A native speaker of Scots Gaelic, much of his work is in that language.

Early life
Munro was born in Uig, Isle of Skye in the Inner Hebrides.  He attended Gray's School of Art in Aberdeen and earned a postgraduate degree in teaching at Moray House in Edinburgh.

Music career
He first saw Runrig play in 1973 and was approached one year later to become a member of the band. As lead singer of Runrig, Munro became established as a Gaelic music performer of the 1980s and 1990s.
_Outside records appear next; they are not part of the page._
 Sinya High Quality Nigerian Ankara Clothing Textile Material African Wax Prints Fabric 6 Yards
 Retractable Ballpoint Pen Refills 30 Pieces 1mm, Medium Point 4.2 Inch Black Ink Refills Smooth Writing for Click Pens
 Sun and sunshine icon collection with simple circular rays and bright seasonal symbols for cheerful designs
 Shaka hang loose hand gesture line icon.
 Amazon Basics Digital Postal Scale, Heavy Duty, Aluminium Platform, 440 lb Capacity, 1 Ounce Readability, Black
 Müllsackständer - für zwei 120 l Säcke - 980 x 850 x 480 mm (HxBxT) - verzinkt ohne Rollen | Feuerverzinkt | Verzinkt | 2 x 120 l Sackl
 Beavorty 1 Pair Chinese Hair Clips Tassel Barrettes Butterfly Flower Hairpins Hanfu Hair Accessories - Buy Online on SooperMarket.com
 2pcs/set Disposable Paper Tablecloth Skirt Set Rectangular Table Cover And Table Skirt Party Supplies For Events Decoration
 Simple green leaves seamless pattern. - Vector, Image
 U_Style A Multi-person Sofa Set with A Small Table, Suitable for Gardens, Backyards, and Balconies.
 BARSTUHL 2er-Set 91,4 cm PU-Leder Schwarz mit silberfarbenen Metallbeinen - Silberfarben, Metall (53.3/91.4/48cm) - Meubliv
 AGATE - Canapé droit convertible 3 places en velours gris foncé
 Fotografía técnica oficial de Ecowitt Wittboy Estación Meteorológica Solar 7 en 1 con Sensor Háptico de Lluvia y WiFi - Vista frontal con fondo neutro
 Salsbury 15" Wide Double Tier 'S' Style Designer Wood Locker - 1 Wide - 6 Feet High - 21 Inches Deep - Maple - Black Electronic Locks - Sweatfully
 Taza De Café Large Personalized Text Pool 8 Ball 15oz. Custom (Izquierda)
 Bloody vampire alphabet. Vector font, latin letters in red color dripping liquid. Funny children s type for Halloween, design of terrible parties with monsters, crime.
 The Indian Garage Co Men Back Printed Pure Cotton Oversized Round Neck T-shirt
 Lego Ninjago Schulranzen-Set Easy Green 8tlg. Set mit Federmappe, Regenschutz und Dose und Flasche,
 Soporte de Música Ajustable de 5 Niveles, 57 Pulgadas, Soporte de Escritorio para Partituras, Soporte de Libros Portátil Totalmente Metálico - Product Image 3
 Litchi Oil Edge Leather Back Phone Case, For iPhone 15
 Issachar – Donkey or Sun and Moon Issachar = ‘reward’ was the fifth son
Munro left Runrig in 1997 to pursue a career in politics. His final performance was a farewell concert at Stirling Castle on 29 August.

Munro released a solo  album, Heart of America, done in collaboration with fellow Skye songwriters Blair Douglas and Richard Macintyre, and won Album of the Year in the Scottish TradMusic Awards 2006. He continues to work as the Director of Development at Sabhal Mòr Ostaig, Scotland's National Centre for the Gaelic Language and Culture on Skye.

Munro completed a series of live shows titled 'An Turas - The Journey', with a forty piece ensemble and is preparing for the release of a live album, recorded at the Royal Concert Hall in Glasgow, during Celtic Connections 2008.

For Runrig's 40th anniversary at the Black Isle show ground at Muir of Ord on 10 August 2013, Munro appeared as a special guest and performed three songs. For Runrig's farewell concert, "The Last Dance" in City Park, Stirling, on 18 August 2018, Munro appeared as a special guest, performing two songs.

Politics
Munro was elected as Rector of the University of Edinburgh in 1991, a position he held until 1994. He contested the UK Parliamentary seat of Ross, Skye and Inverness West in the 1997 General Election but was defeated by Charles Kennedy (Liberal Democrat).  He then contested the Scottish Parliament seat of Ross, Skye and Inverness West at the 1999 Scottish Parliament election for Labour, but was defeated by Liberal Democrat John Farquhar Munro. These necessitated his leaving the band, which he did in 1997.  His reasons for departure were a matter for lengthy private discussion over a two-year period but were never the subject of public discourse.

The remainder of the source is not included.